KYRA PHILLIPS, CNN ANCHOR: Much of the southeastern U.S. remains in the midst of a punishing drought. The lack of rain has left the region's lakes and other waterways at levels well below normal, putting a damper on boating and other summertime recreation.
CNN's Brian Cabell has more from Alabama's Lake Eufaula -- Brian.
BRIAN CABELL, CNN CORRESPONDENT: Kyra, we are on the shores of one of the most popular recreational lakes in the entire Southeast, but this year, as you can see, boaters are getting a slightly different look at this lake. The levels are down about five feet. They are actually at the lowest level for this date since 1965.
What we're standing on right now, as a matter of fact, should be under about two feet of water.
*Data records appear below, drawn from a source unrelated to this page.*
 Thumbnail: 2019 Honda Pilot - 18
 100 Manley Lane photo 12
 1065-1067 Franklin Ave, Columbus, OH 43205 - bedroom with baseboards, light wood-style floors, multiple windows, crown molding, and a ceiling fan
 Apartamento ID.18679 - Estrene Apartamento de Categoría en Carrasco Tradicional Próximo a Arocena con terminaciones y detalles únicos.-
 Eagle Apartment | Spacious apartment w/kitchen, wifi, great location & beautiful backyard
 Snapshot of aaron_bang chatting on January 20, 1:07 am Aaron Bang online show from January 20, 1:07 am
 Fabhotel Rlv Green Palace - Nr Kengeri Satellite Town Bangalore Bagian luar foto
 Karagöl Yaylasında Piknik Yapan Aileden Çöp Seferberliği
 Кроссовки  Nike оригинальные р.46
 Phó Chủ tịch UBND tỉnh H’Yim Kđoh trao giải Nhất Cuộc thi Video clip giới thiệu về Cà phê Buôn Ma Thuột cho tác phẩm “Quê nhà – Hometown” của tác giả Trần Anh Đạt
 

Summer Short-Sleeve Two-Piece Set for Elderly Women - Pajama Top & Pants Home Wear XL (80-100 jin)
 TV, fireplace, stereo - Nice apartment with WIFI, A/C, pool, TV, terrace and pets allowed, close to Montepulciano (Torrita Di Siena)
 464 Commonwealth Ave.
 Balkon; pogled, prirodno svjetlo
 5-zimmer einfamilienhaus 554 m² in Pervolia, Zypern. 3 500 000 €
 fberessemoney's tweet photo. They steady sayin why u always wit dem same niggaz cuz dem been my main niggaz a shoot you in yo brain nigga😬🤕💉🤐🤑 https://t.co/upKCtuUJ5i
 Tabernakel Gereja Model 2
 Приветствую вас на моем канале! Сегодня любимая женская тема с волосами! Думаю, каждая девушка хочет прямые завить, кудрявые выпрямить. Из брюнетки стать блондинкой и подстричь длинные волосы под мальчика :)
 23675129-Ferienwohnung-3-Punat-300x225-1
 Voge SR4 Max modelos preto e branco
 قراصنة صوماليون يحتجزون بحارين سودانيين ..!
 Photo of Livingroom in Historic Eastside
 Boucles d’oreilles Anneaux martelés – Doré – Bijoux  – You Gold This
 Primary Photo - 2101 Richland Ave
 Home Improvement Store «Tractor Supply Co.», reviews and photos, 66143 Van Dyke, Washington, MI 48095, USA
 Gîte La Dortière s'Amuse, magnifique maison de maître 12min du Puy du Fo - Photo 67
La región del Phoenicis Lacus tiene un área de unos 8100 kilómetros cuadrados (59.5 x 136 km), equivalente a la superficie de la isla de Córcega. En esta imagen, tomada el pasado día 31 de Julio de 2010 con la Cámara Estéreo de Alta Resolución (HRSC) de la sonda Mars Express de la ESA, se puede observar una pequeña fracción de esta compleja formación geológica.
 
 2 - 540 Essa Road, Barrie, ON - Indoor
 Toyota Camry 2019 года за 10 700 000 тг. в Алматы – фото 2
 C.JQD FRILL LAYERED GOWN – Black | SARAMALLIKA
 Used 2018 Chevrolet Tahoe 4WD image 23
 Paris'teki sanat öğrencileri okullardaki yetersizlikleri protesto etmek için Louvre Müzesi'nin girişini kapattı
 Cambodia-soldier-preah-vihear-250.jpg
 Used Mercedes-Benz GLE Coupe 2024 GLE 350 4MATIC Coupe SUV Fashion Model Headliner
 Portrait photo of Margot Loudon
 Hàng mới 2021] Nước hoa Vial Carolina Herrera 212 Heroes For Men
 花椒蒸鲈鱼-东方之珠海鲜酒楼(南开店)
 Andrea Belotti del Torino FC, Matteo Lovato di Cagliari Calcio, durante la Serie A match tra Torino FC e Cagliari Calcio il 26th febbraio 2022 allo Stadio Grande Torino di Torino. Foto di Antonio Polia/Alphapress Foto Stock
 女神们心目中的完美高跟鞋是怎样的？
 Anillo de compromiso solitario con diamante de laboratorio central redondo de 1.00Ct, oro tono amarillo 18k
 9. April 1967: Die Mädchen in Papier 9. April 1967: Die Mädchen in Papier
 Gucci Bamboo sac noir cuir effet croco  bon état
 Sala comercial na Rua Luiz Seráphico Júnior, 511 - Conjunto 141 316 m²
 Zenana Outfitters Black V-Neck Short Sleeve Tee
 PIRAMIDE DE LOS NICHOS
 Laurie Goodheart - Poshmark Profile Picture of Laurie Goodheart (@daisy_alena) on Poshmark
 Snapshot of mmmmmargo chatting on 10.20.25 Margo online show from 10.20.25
This is the lake bed. All of this, of course, bad news for people who want to take their boats out because they can run them aground. Fisherman can't go to the places they normally want to go.
And people who depend on this lake economically are also hurting, people like Debbie Tatum, she owns a marina here.
Debbie, what sort of impact has it had on you this year?
DEBBIE TATUM, CO-OWNER, CHEWELL CREEK MARINA: Well, it has definitely had a profound impact on our business. We've had to close our launching ramp, and that of course effects our store sales, and this is our prime season and our store sales are extremely off this year.
CABELL: Off how much would you say?
TATUM: I would say about 40 percent.
CABELL: People just aren't coming out here the way they normally do?
TATUM: No, they're afraid they are going to hit something in the water or run aground.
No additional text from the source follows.